The rest of that evening was a bit of a blur. After Alazne stalked off, claiming diplomatic immunity and the right to silence, there was a flurry of movement. The Prince took action immediately, calling for his most skilled diplomats and lawyers to instruct him on what the best thing to do would be. At the same time, the soldiers marched out, to "escort" the Yarran woman to her rooms – they would, naturally, find the broken window. It gave me some hope that they could accuse her of conspiracy. My mind was jumping around like a grasshopper; I finally noticed that my arm was throbbing. With all the distractions, I had forgotten about my pain completely, and it came roaring back all at once. And then, as my head reeled, my mother was leading me outside. I turned to say something to Flin, something important, but there was mass confusion outside – all the banquet guests had discovered that the Prince was absent, and it was basically chaos. I barely recalled following Mamma upstairs, to my rooms – Sojia was in there, with a hot tub of water –
And then I fell asleep.
I woke up feeling as though I had just laid my head on my pillow. The curtains were drawn over the windows, but muted sunlight filled the room with a soft golden glow. Carefully, I sat up, seeing that my arm was bound up in a sling and that I was now in my old nightgown. No one seemed to be in the room, and for a moment I closed my eyes again and soaked in the expectant silence. There had not been a lull in my life for so long; it felt as though I had been on the move for months, even a year.

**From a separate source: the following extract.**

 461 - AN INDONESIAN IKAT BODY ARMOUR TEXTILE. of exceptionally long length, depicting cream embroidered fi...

The door opened gently, and my father peered in. His face lit up when he saw that I was awake.
"Lissandra," he said solemnly, his eyes wrinkling into a smile.
"Feeling better?" My father eased himself into the room and took a seat on the foot of my bed. He looked tired; dark pouches hung under his blue eyes, so like mine, and with a jolt I noticed that there was a lot more gray sprinkled in his dark brown hair. "You were pretty exhausted last night."

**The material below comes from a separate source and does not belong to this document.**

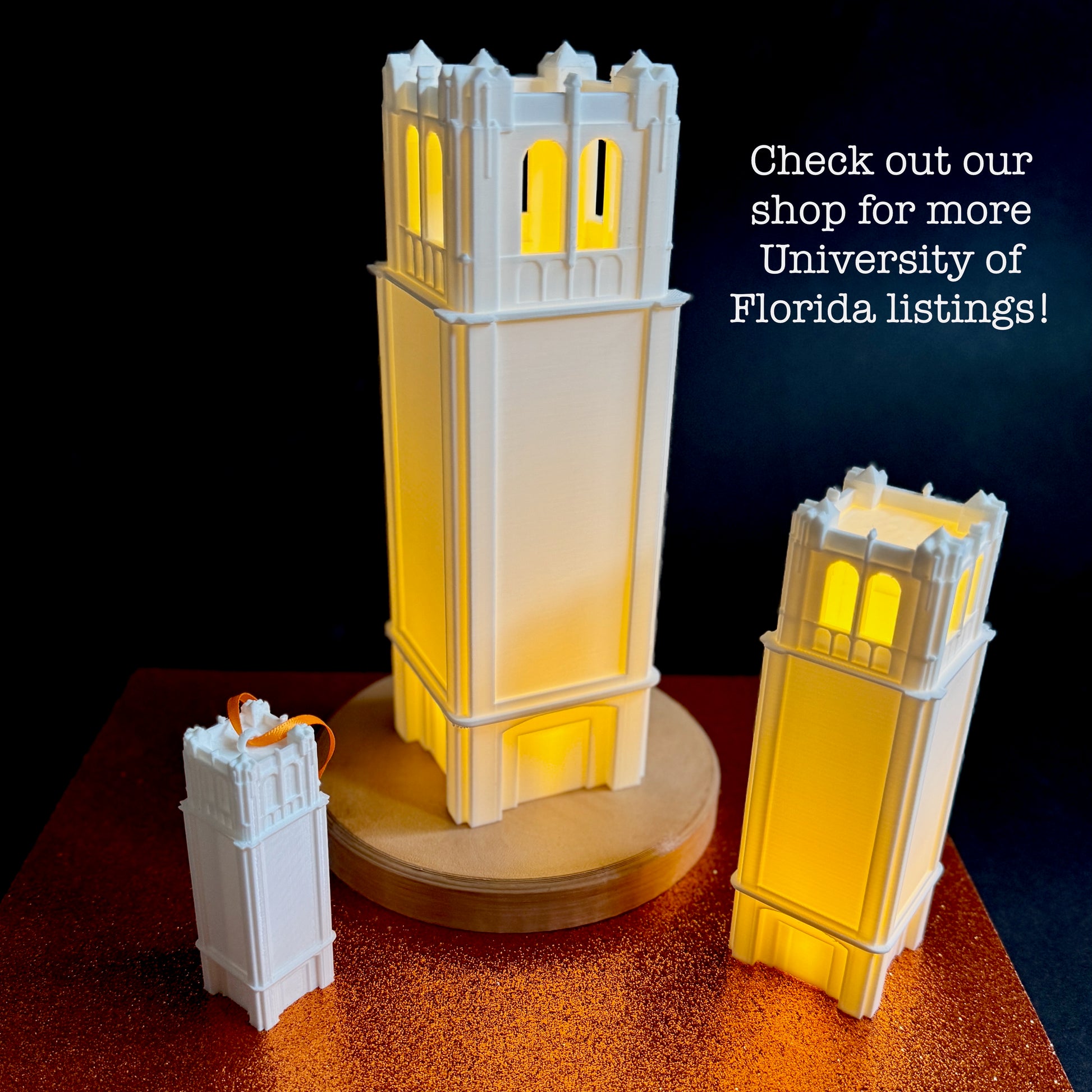 The Century Tower lights, shown next to the University of Florida ornament.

"I know it," I agreed. "My arm barely hurts. What time is it? What's going on?"
"It's past noon. You slept for twelve hours." He gazed at the floral pattern of my bedspread thoughtfully. "Alazne's gone."

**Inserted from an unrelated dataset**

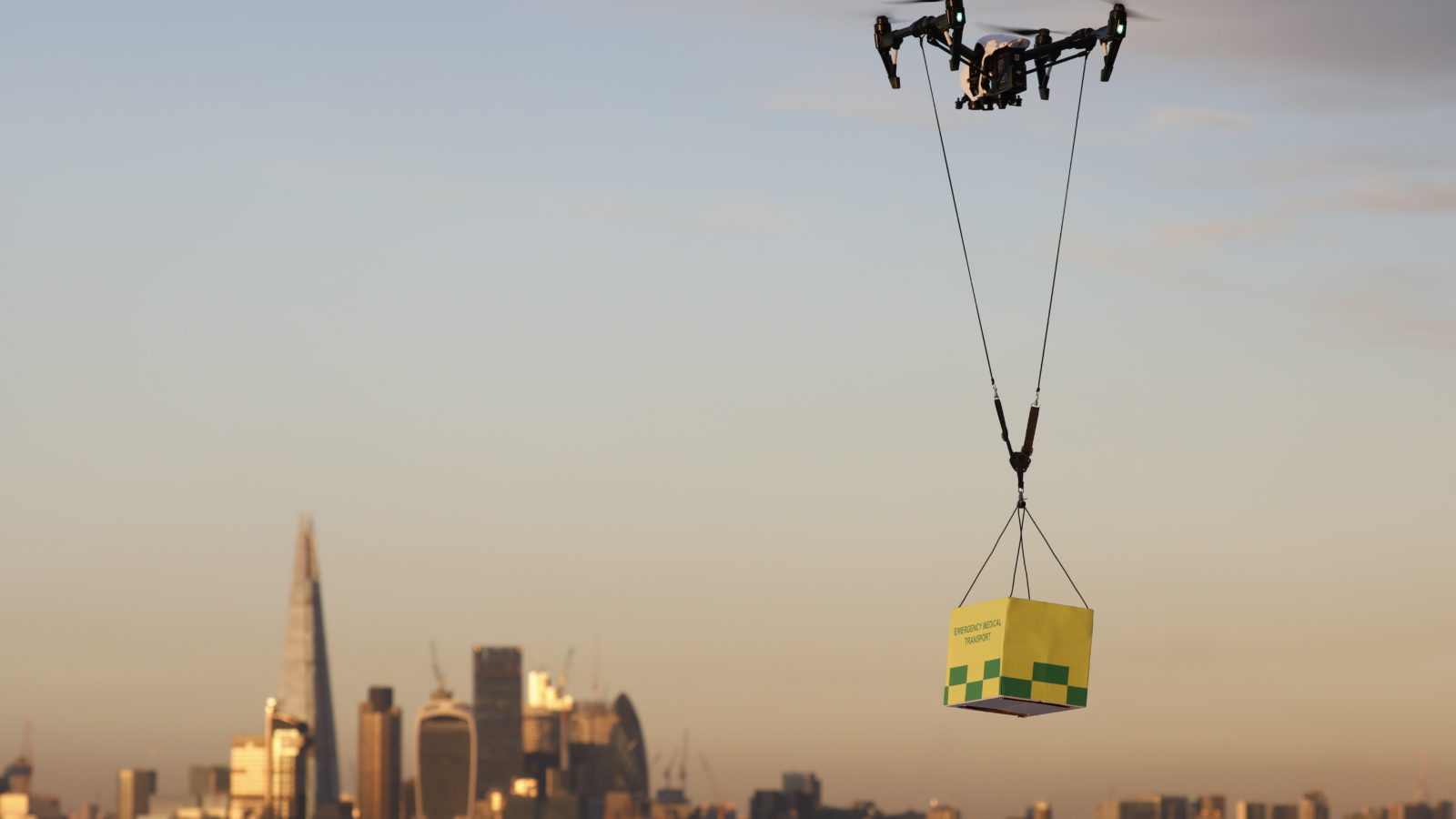 A quadcopter drone flies over London carrying a box of supplies or aid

"Back to Yarr." He smiled wryly at my exclamation of shock.
"She's not in the dungeon?" I protested in disbelief. "What on earth –"
"Technically there was no way to implicate her," Papa explained sympathetically, sensing my wrath. "The Artifact, the broken window – it wasn't concrete proof that she was conspiring against the leaders. However," he added, seeing my face turn scarlet, "it was proof enough to convince the entire palace that she was lying. And we did find traces of poison in the ceremonial wine – the wine that only the leaders of the Peace Conference were to drink when everyone was seated. You came just in time to save their lives. Unfortunately, we cannot prove anything. She got off on a mere technicality, but her guilt is obvious. There is also renewed suspicion on Alazne for helping to murder Harat's old ambassador Terak Malahais."
It took me a moment to remember that far-away scandal. Of course – it was the time Flin and I had been threatened by those caravan-goers in Narayar. When Flin told me about his childhood.
"So what now?" I asked quickly, trying to focus my thoughts again. "Do we do anything to her? She gets off scot free?"
"Not entirely. We cannot take decisive action against Yarr diplomatically, but your discovery has permanently tainted our relationships with Yarr. It's a black mark on them; the whole mainland continent has to keep one eye permanently focused on that island now. You've done a good thing, my girl."
I glowed – inside, of course. Hadn't my one goal when I started my whole spying fiasco been to get glory and fame – and to prove that I could do something right? Well, it had been my childish dream, but somehow it felt wonderful to have it fulfilled.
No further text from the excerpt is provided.